Turkey to send troops into Syria.

A new and dramatic turn in the Syrian crisis;: Turkish Prime Minister Recep Tayyip Erdogan Friday night, June 10, ordered his army to move into northern Syria where battles were blazing in Idlib, Maarat al-Numaan and Jisr al-Shuhour. Exclusive sources report that the prime minister's office and high command in Ankara are still working out how to define the Turkish military mission in Syria. One proposal is to evoke UN Security Council's 1973 resolution which mandated the NATO operation in Libya to protect civilian lives against Col. Qaddafi.

Turkey would be acting to defend Syrian civilians against a crackdown which Erdogan called barbaric.

Ankara decided on military intervention Friday night, two days before Turkey's general election, after learning about the latest turn in the showdown between the Syrian government and the opposition.

Most of the day's reporting focused on the small northern town of Jisr al-Shughour near the Turkish border, where tanks blasted residential areas Friday night and killed an estimated 28 civilians to punish its residents for the 120 officers and soldiers killed in clashes with protesters Monday, June 6.

Away from the limelight, heavy fighting also raged in Idlib, west of Syria's second largest town Aleppo, and Maarat al-Numaan, a small western market city located on the highway between Aleppo and Hama.

In these places, the Syrian army encountered the guns of a Muslim Brotherhood militia fighting alongside a group of defecting soldiers, according to our military sources.

In the late afternoon, Assad sent tanks and attack helicopters armed with heavy machine guns to strike rebel positions. The casualty toll in this northern battleground is believed to be the highest of any day since the start of the uprising in early April.

The Turkish expeditionary force in Syria will have three missions:

1.  To stem the swelling stream of Syrian refugees fleeing massacre at the hands of government forces. Ankara has accepted over 3,000 refugees from Jisr al-Shughour who are desperate to escape certain slaughter; it is not prepared to take on tens or possible hundreds of thousands of Syrians fleeing from larger towns like Idlib, Maarat al-Numaana and the Kurdish regions abutting the Turkish border.

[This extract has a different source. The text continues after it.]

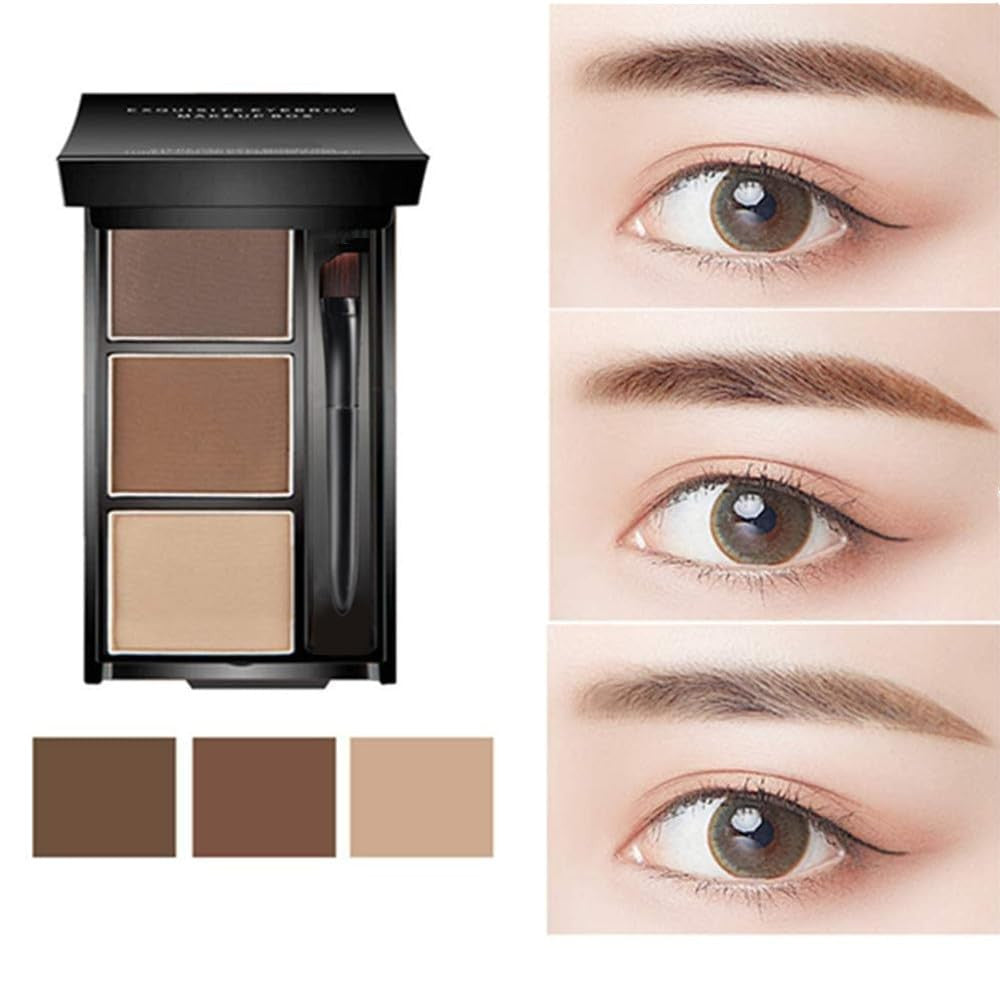 Three-Color Waterproof Eyebrow Powder Kit - Natural, Long-Lasting, Easy to Use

2.  To mark out a military zone on the Syrian side of the border where the Red Crescent will set up camps for Syrian refugees to shelter under Turkish army protection;

3.  Next week, the Turkish army will establish a military buffer zone in the Kurdish region of northern Syria near its main town, Qamishli.

The Erdogan government will be taking the chance of Assad deciding that the Turkish military incursion is an act of war. Fighting would then break out between the two armies.